Parama Island (formerly Bampton Island) is an island close off the south coast of Papua New Guinea. It is located 17 km east of Daru, the provincial capital of Western Province (Papua New Guinea), at the southernmost extreme of the Fly River delta, and at the northeastern corner of the Torres Strait. It is the northernmost of the Torres Strait Islands, and at the same time the southernmost of the Fly River delta. Bampton Point, its southernmost point, marks the southwestern corner of the Gulf of Papua. The Coral Sea is southeast. Torres Strait is south and southwest, specifically the Great Northeast Channel, which separates Parama Island from the closest Australian (Queensland) island, Bramble Cay, 48 km ESE.

Parama is roughly rectangular in shape, 9.6 km long and up to 5.7 km wide, with a shore length of 27.7 km and an area of 37 km². It is a low, flat, muddy and mangrove covered island. It is separated from the mainland by Toro Passage, which is 400 to 700 meters wide and seven kilometers long, and 1.8 to 5.5 meters deep.

All of the population of 441 (as of the Census 2000) live in Parama village on the eastern side, facing the Gulf of Papua. An unofficial account in late June 2026 places the population closer to 700, and the figure for 1991 was 240. Only the area around the village is cultivated. The village is divided into six clan divisions.
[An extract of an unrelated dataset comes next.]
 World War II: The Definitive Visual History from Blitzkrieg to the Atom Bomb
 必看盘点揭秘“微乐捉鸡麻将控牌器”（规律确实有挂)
The clans, which have names of animals, are listed, from north to south (1991):
1. Doriomu (Shark, formerly Tebere) (school west outside of clan division)
2. Maruadai (Marowadai) (Cassowary) (with church: United Church)
3. Hegeredai (Dingo)
4. Oromorubi (Dog)
5. Miaridai (Crocodile) (with hospital)
6. Gaidai (Eagle)

A later list (1995) mentions only five clans, thereby replacing Hegeredai and Oromorubi with Sobogu.

In the southwest of the island is Gaziro (Gasiri), a temporary fishing camp also used by mainlanders.

The fringing reef on the eastern shore in front of the village, the "home reef", is called Podomaza.

Worimo Reef, a drying reef of rocks and sand, over which the sea breaks heavily during the southeast trades, extends eight kilometers SSE from Bampton Point. It further extends to Merrie England Shoals, with depths of less than two meters. The area of the reef, mostly submerged, is 18.8 km².

Ellengowan Rock, a submerged rock with a depth of only 1.1 meters, is located 11 km east of Parama Island.

First recorded sighting by Europeans of Parama Island was by the Spanish expedition of Luís Vaez de Torres, that landed on it on 5 September 1606.